Del tutto improprio si dimostra, in primo luogo, il riferimento all'art. 117 Cost. Il limite dei "principi fondamentali stabiliti dalle leggi dello Stato", relativo ad ogni singola materia attribuita alla competenza legislativa delle Regioni. ordinarie, é infatti inestensibile alla "legislazione esclusiva" della quale é dotata in materia di miniere l'Assemblea regionale siciliana, per espresso disposto dell'art. 14 lett. h) dello Statuto speciale. Né si potrebbe elevare a principio generale dell'ordinamento, per farne comunque applicazione nella specie, la pretesa regola in forza della quale sarebbe riservata al proprietario della cosa accessoria la facoltà di far cessare il vincolo pertinenziale. In tema di pertinenze in genere, e di pertinenze minerarie in particolare, vale anzi il criterio - fissato dal primo comma dell'art. 818 cod. civ. - per cui la cosa accessoria rimane assorbita nelle vicende giuridiche della cosa principale; tanto é vero che le stesse pertinenze minerarie separabili non possono venir liberamente asportate dal concessionario cessante, ma sono in ogni caso suscettibili di acquisizione da parte del nuovo concessionario, anche se questi é tenuto al pagamento del prezzo (cfr. l'art. 36 della ricordata legge mineraria del 1927).

L'ipotesi in esame rimane, d'altra parte, estranea all'ambito di operatività dell'art. 42 Cost., là dove si richiede che ogni espropriazione venga indennizzata. Vero é che nell'art. 43, primo comma, della legge mineraria siciliana si stabilisce in via di principio che le pertinenze separabili continuino ad appartenere al concessionario cessante; sicché la contraria prescrizione risultante dal combinato disposto degli artt. 52, secondo comma, e 42, primo comma, rappresenta una deroga non connaturata al regime delle pertinenze medesime, per quanto esso sia particolare. Ma la deroga si giustifica, dal momento che la decadenza non può esser pronunciata dall'Amministrazione regionale, se non quando si accerti e si contesti l'inadempimento del concessionario, nei casi puntualmente indicati dall'art. 48 della legge regionale e fatta sempre salva la forza maggiore. Resta per ciò stesso escluso che ci si trovi in presenza di una vera e propria misura espropriativa, inquadrabile nella previsione dell'art. 42, terzo comma, della Costituzione. Trattasi, al contrario, di un'ablazione avente un carattere sanzionatorio, giacché la perdita della proprietà privata o del diritto di averne corrisposto il prezzo si ricollega ad un comportamento colpevole del concessionario.

 

PER QUESTI MOTIVI

LA CORTE COSTITUZIONALE

 

dichiara non fondata la questione di legittimità costituzionale dell'art. 52, secondo comma, della legge 1 ottobre 1956, n. 54, della Regione Sicilia, in riferimento agli artt. 42 e 117 Cost., sollevata dal Tribunale di Palermo, con l'ordinanza indicata in epigrafe.

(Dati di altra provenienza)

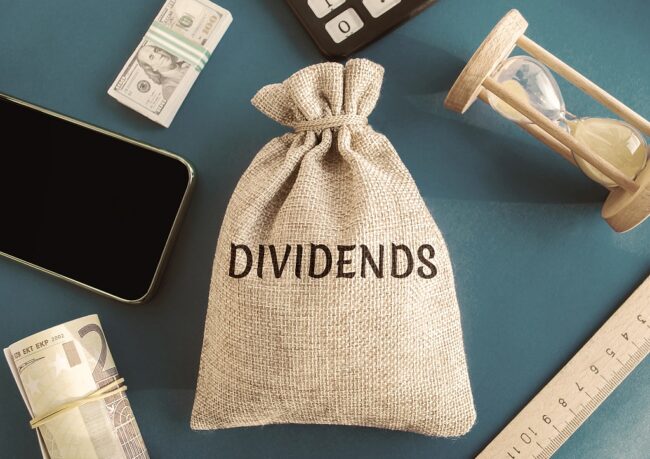 Money Bag With The Word Dividends. Payment Made By A Corporation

Così deciso in Roma, nella sede della Corte costituzionale, Palazzo della Consulta, il 12 febbraio 1982.

 

Leopoldo ELIA - Guglielmo ROEHRSSEN - Oronzo REALE - Brunetto BUCCIARELLI DUCCI - Alberto MALAGUGINI - Livio PALADIN - Arnaldo MACCARONE - Antonio LA PERGOLA - Virgilio ANDRIOLI - Giuseppe FERRARI - Francesco SAJA.

Giovanni VITALE - Cancelliere

 

Depositata in cancelleria il 3 marzo 1982.